• _Your task_
Copy out exactly the lines from the one with "Gallery image thumbnail" through the last line of the listing below, both included, but none of the pictures.

• _Dataset content_
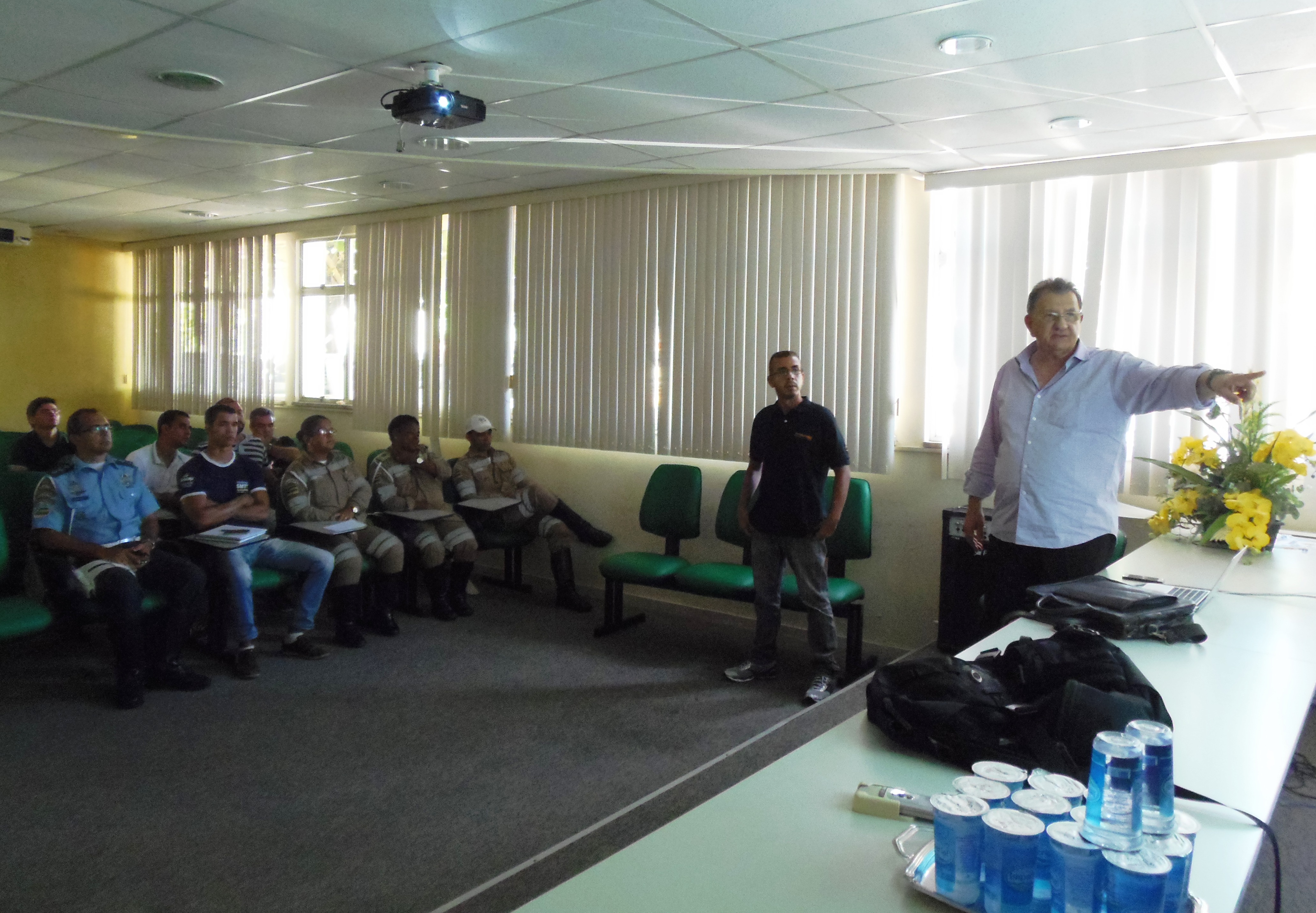 Equipe da SMTT faz curso para operação dos painéis informativos - SMTT Aracaju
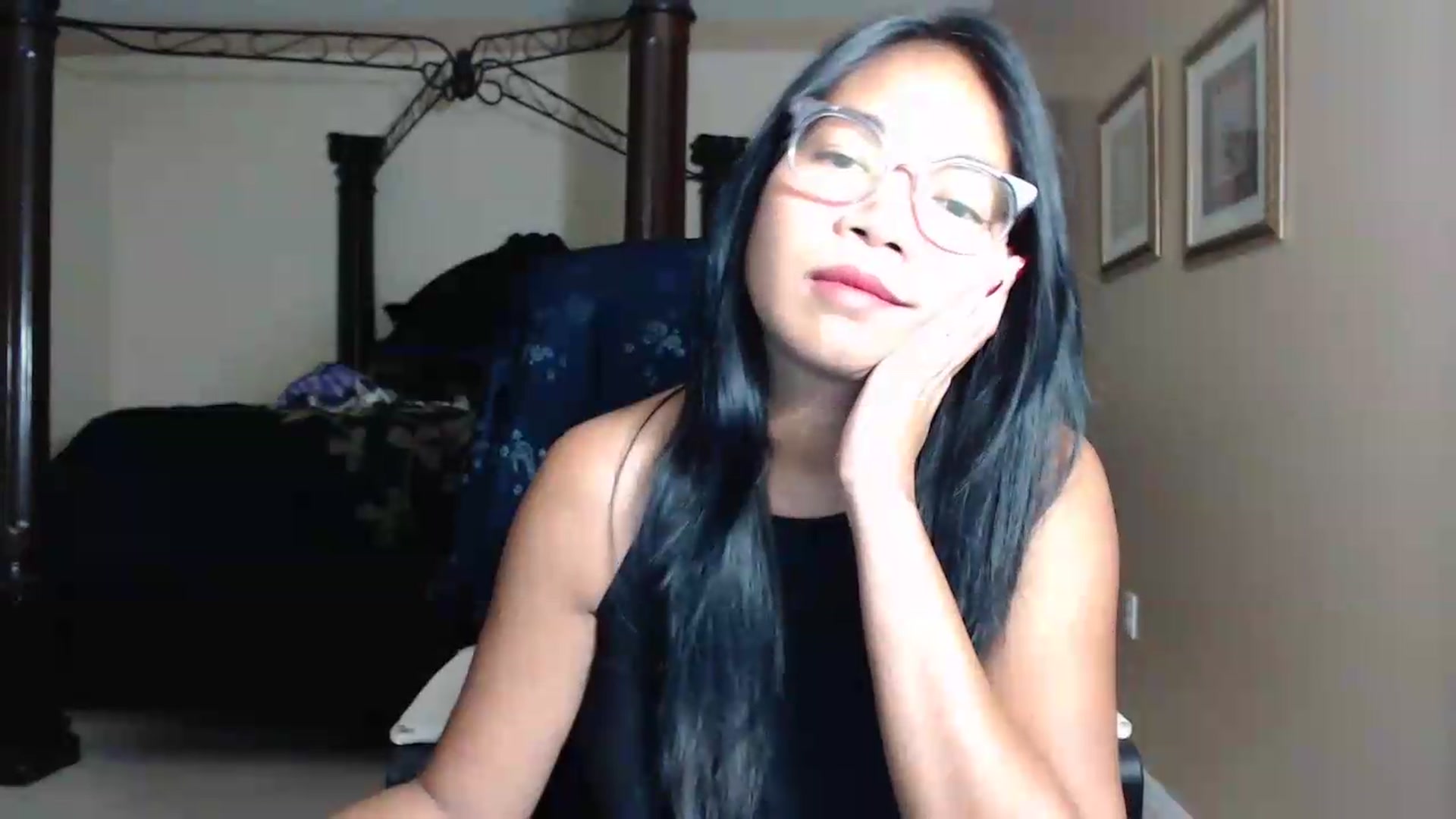 Gallery image thumbnail from Littlekai2030's myfreecams stream on, 05/28/2026, 03:20 image 8 of 20
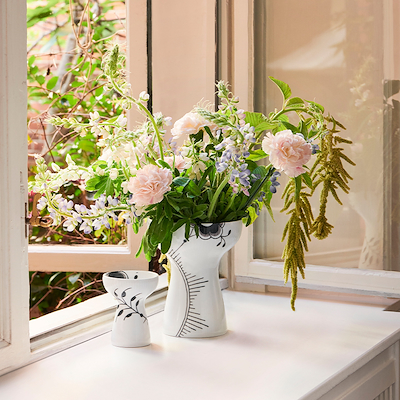 Royal Copenhagen Sort Mega Riflet åben vase H 19 cm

• _Task response_
 Gallery image thumbnail from Littlekai2030's myfreecams stream on, 05/28/2026, 03:20 image 8 of 20
 Royal Copenhagen Sort Mega Riflet åben vase H 19 cm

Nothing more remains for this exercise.